Town in Utah, United States

Henefer (/ˈhɛnəfər/ HEN-ə-fər) is a town in Summit County, Utah, United States. It is part of the Salt Lake City, Utah Metropolitan Statistical Area. The population was 838 at the 2020 census.

==History==
Henefer was founded in 1859. The community was named after James and William Hennefer, early citizens.

==Geography==
According to the United States Census Bureau, the town has a total area of 0.9 mi2, all land.

The hillside letter H can be seen in the southwest

===Climate===
Large seasonal temperature differences typify this climatic region, with warm to hot (and often humid) summers and cold (sometimes severely cold) winters. According to the Köppen Climate Classification system, Henefer has a humid continental climate, abbreviated Dfb on climate maps.

==Demographics==

As of the census of 2000, there were 684 people, 219 households, and 178 families residing in the town. The population density was 797.5 people per square mile (/km^{2}). There were 230 housing units at an average density of 268.2 per square mile (/km^{2}). The racial makeup of the town was 97.51% White, 0.15% African American, 0.15% Native American, 0.44% Asian, 1.75% from other races. Hispanic or Latino of any race were 2.63% of the population.

There were 219 households, out of which 45.7% had children under the age of 18 living with them, 72.1% were married couples living together, 7.8% had a female householder with no husband present, and 18.3% were non-families. 17.4% of all households were made up of individuals, and 11.0% had someone living alone who was 65 years of age or older. The average household size was 3.12, and the average family size was 3.53.

In the town, the population was spread out, with 35.1% under 18, 12.1% from 18 to 24, 24.1% from 25 to 44, 18.4% from 45 to 64, and 10.2% who were 65 years of age or older. The median age was 28 years. For every 100 females, there were 103.6 males. For every 100 females aged 18 and over, there were 93.9 males.

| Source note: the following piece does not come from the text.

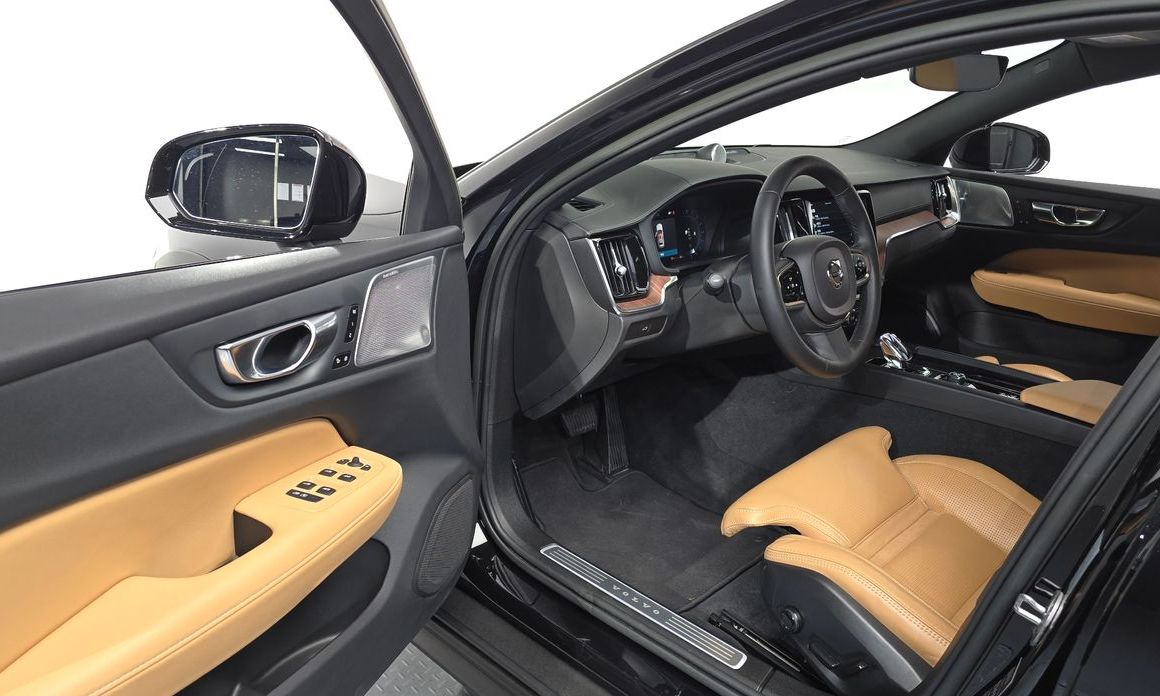 Volvo V60 2023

The median income for a household in the town was $43,125, and the median income for a family was $46,667. Males had a median income of $40,000 versus $21,071 for females. The per capita income was $14,791. About 4.4% of families and 4.8% of the population were below the poverty line, including 6.6% of those under age 18 and 7.9% of those aged 65 or over.

Historical population
| Census | Pop. | Note | %± |
| 1870 | 172 |  | — |
| 1880 | 262 |  | 52.3% |
| 1890 | 291 |  | 11.1% |
| 1900 | 348 |  | 19.6% |
| 1910 | 413 |  | 18.7% |
| 1920 | 405 |  | −1.9% |
| 1930 | 469 |  | 15.8% |
| 1940 | 413 |  | −11.9% |
| 1950 | 346 |  | −16.2% |
| 1960 | 408 |  | 17.9% |
| 1970 | 446 |  | 9.3% |
| 1980 | 547 |  | 22.6% |
| 1990 | 554 |  | 1.3% |
| 2000 | 684 |  | 23.5% |
| 2010 | 766 |  | 12.0% |
| 2020 | 838 |  | 9.4% |
U.S. Decennial Census

==Education==
The town is in the North Summit School District.